Going back to the mass/inertia thing, even though the slide is an integral part of an SA and a portion of its total weight, the slide weighs less (and has less mass/inertia) than the rest of the firearm - which is also being braced in the shooter's hand. When the initial energy force is applied (as recoil), much of the initial recoil energy is transfered to the lighter weight slide (which sends it moving to the rear much faster than the heavier frame & barrel which is also braced in the shooter's hand) and only the remaining portion of the initial recoil force is applied to the shooter's hand. Once the slide bottoms out against the frame on it's rearward travel, the portion of initial recoil energy applied to the slide is then transfered to the frame and on into the shooter's hand as a "second jolt".
Even though your hand is receiving the same total amount of recoil force with either the revolver or SA (when weapon weight, bullet weight, and power charge all remain identical), you'll generally feel a sharper jolt from the revolver since it's delivering the total recoil force all at once where the SA is dividing the total force into a couple of less-intense bumps even though it happens so fast they're hard to distinguish.

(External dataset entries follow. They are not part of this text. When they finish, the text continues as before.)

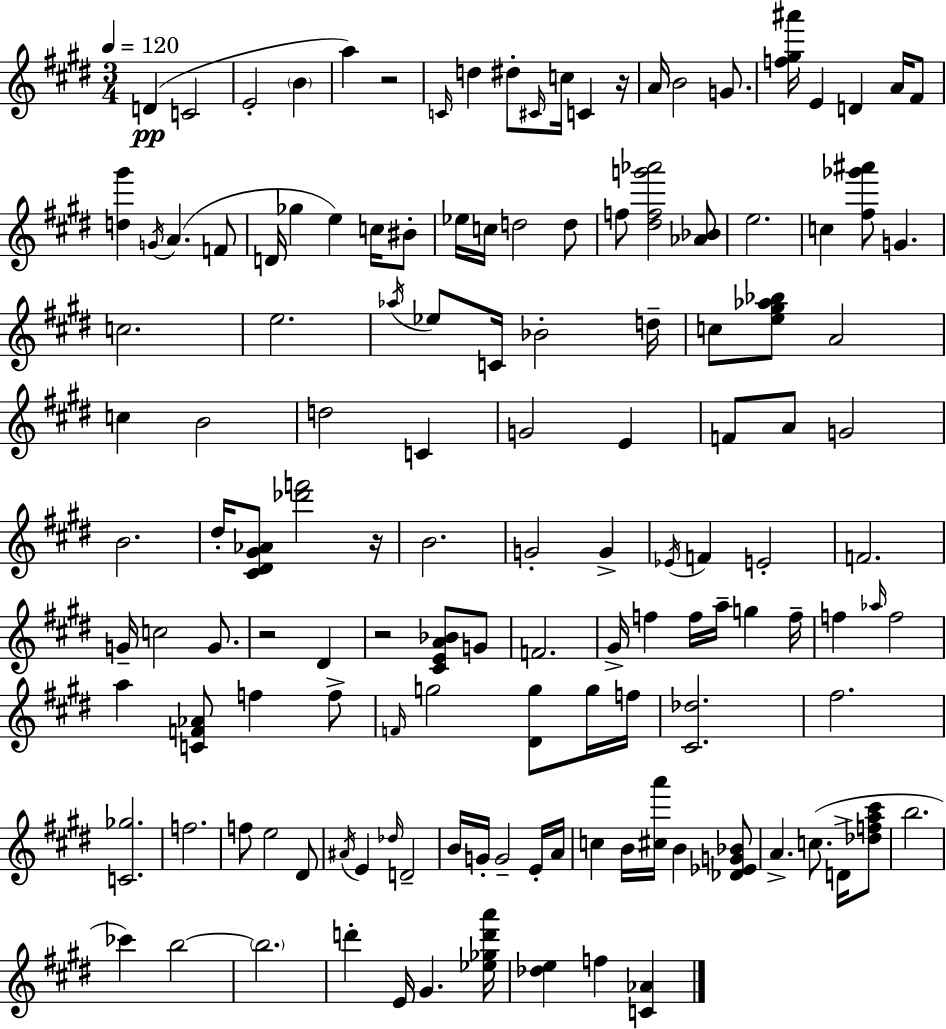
{
  \clef treble
  \numericTimeSignature
  \time 3/4
  \key e \major
  \tempo 4 = 120
  d'4(\pp c'2 | e'2-. \parenthesize b'4 | a''4) r2 | \grace { c'16 } d''4 dis''8-. \grace { cis'16 } c''16 c'4 | \break r16 a'16 b'2 g'8. | <f'' gis'' ais'''>16 e'4 d'4 a'16 | fis'8 <d'' gis'''>4 \acciaccatura { g'16 }( a'4. | f'8 d'16 ges''4 e''4) | \break c''16 bis'8-. ees''16 c''16 d''2 | d''8 f''8 <dis'' f'' g''' aes'''>2 | <aes' bes'>8 e''2. | c''4 <fis'' ges''' ais'''>8 g'4. | \break c''2. | e''2. | \acciaccatura { aes''16 } ees''8 c'16 bes'2-. | d''16-- c''8 <e'' gis'' aes'' bes''>8 a'2 | \break c''4 b'2 | d''2 | c'4 g'2 | e'4 f'8 a'8 g'2 | \break b'2. | dis''16-. <cis' dis' gis' aes'>8 <des''' f'''>2 | r16 b'2. | g'2-. | \break g'4-> \acciaccatura { ees'16 } f'4 e'2-. | f'2. | g'16-- c''2 | g'8. r2 | \break dis'4 r2 | <cis' e' a' bes'>8 g'8 f'2. | gis'16-> f''4 f''16 a''16-- | g''4 f''16-- f''4 \grace { aes''16 } f''2 | \break a''4 <c' f' aes'>8 | f''4 f''8-> \grace { f'16 } g''2 | <dis' g''>8 g''16 f''16 <cis' des''>2. | fis''2. | \break <c' ges''>2. | f''2. | f''8 e''2 | dis'8 \acciaccatura { ais'16 } e'4 | \break \grace { des''16 } d'2-- b'16 g'16-. g'2-- | e'16-. a'16 c''4 | b'16 <cis'' a'''>16 b'4 <des' ees' g' bes'>8 a'4.-> | c''8.( d'16-> <des'' f'' a'' cis'''>8 b''2. | \break ces'''4) | b''2~~ \parenthesize b''2. | d'''4-. | e'16 gis'4. <ees'' ges'' d''' a'''>16 <des'' e''>4 | \break f''4 <c' aes'>4 \bar "|."
}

All of the above ramble dealing with actual recoil force still doesn't consider that many other factors can also greatly influence how that recoil force is perceived or "felt" because I've fired a number of handguns which delivered a considerably higher amount of recoil force but were still more comfortable and manageable to shoot than ones with less total recoil force. Even though a revolver doesn't spread the total recoil force over a longer duration of time, its weight distribution remains constant and the recoil-induced weapon movement is over in a hurry.
However, upon firing, the weight distribution of an SA starts moving to the rear, and the slide transfering the rest of the recoil force to the frame of a now more butt-heavy weapon tends to snap the weapon and shooter's wrist upward to make the recoil "feel" more uncomfortable and create a greater muzzle rise off target. An SA with a heavier slide to frame weight ratio would increase this upward jolt to the wrist when it bottomed out, and an SA with a shorter slide travel distance would put the two recoil bumps closer together to possibly "feel" a little more intense than the wider spacing of recoil force from a longer slide travel. Barrel length between two identical weight weapons (with same bullet weight and power charge) will also make a noticeable difference in the "feel" of identical recoil force amounts.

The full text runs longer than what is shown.